Et puis il y a eu le lac du Salagou. Le jour on nage dans ses eaux tranquilles. Des libellules aux ailes aussi rouges que la terre qui borde le lac se poursuivent en un ballet aérien décrivant autour de votre tête des arabesques compliquées. La baignade vous lave de tout ce que vous avez vécu durant l'année, soucis et difficultés se diluent dans l'eau jusqu'à disparaître complètement et on peine à sortir de l'eau pour prolonger encore un peu ce doux apaisement.
Le soir le spectacle est grandiose. Le soleil se couche lentement dans un flamboiement de teintes roses et le temps est soudain suspendu, à l'équilibre, sur un fil. La magie opére comme toujours. Le calme est absolu, à peine troublé par un très léger clapotis et vous vous retrouvez soudain seuls face à l'immense.
Les journées très chaudes se prolongent en longues soirées. Qu'il est bon de renouer avec l'insouciance de les passer dehors dans l'air qui vous enveloppe d'une tiédeur agréable ! Des sensations que l'on avait oubliées tant l'été s'était jusqu'alors montré récalcitrant.

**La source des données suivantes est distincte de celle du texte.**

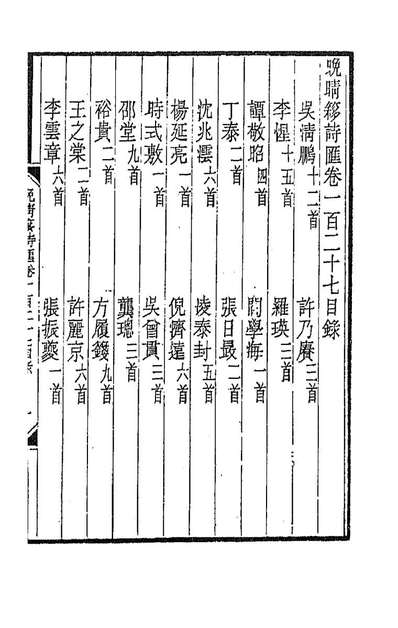 90762_晚晴簃诗匯九十四_徐世昌辑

A Montpellier j'avais rendez-vous un soir avec moi même, avec mes années d'étudiante, avec ma jeunesse. Place de la Comédie sous la statue des trois grâces. 1981, j'ai 17 ans et une petite robe rose. 40 ans plus tard, le même endroit et une petite robe jaune. Après ces révélations, vous aurez vite calculé l'âge vénérable que j'ai atteint et vous en aurez déduit que je ne suis plus tout à fait la petite jeunette de la première photo mais une femme que l'on qualifie de - horrible mot- mûre. Entre les deux une éclipse, une parenthèse, et le vertige vous étreint à la pensée de tout ce temps écoulé. Pourtant, dans votre tête vous n'avez pas changé ou si peu, vous avez toujours la fougue et les rêves de vos 17 ans et seule votre image vous rappelle que vous avez vieilli, inexorablement.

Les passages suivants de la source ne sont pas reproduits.